Overall, this year was similar to last year, which suggests I didn’t make a significant leap in the quality of my fiction. Or that my particular brand of character-driven secondary-world short fantasy isn’t a priority right now for the major markets. Or most likely, a combination of both. In last year’s post I mentioned I was working on specific strategies to improve a major element in my fiction. That effort is ongoing, and I am making progress. The coming year will show whether it improves my submissions results.

Empires Fall but Enclaves Rise

Tuesday, December 23rd, 2008

The Washington Post Book World had two interesting articles last Sunday, both of which taken together show two different data points on the ever-changing landscape of modern commerical publishing.

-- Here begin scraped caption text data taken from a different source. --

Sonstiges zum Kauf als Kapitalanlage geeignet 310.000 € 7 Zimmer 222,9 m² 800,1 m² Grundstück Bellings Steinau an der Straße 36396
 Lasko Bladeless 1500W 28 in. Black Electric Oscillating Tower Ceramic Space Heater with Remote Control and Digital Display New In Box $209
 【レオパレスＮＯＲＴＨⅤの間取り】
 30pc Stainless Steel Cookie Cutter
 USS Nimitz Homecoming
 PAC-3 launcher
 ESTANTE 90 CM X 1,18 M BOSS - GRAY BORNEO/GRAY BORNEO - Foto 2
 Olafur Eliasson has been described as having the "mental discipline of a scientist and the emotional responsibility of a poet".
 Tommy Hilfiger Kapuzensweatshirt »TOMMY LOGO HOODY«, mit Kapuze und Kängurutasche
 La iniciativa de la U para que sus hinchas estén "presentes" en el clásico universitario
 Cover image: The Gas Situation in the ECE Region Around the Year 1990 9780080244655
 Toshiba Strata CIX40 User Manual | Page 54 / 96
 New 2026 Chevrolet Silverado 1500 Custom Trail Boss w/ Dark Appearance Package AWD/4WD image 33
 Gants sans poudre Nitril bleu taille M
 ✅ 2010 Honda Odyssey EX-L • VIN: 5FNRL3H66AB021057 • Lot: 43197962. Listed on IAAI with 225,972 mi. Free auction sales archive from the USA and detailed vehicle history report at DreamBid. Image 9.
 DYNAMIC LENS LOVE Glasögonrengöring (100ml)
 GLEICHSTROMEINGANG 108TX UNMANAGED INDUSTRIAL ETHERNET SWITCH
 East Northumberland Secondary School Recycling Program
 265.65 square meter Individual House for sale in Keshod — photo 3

An essay about the recent funeral of legendary publisher Robert Giroux, of Farrar, Straus, & Giroux, used the retrospective of his long literary career buying such seminal 20th-century works as The Catcher in the Rye to comment on the very different and currently shifting nature of commercial publishing. The essay was more geared toward mainstream literary fiction rather than any specific genre, but its overall mood seems quite reflective of the current times.

And a column by Michael Dirda, noted reviewer of SF/F and a Guest of Honor at Capclave 2008, listed many of the best and brightest among the small presses that have emerged in the last decade. Most of those on his list are SF/F presses like Wildside and Night Shade–I don’t know if that’s because Dirda, with his SF/F reading experience, is more familiar with SF/F small presses or if it’s because there are more small presses in SF/F than in other genres.

The small press movement is very important to me because they publish far more short fiction than the larger publishers–not only anthologies and collections but many magazines–and also because this year I joined their ranks in my own small way by starting a magazine.

It will be fascinating to see where things go from here, especially in the world of short fiction. If Clarkesworld Magazine and its clever publisher Neil Clarke are any indication, audio short fiction may be one of the new frontiers.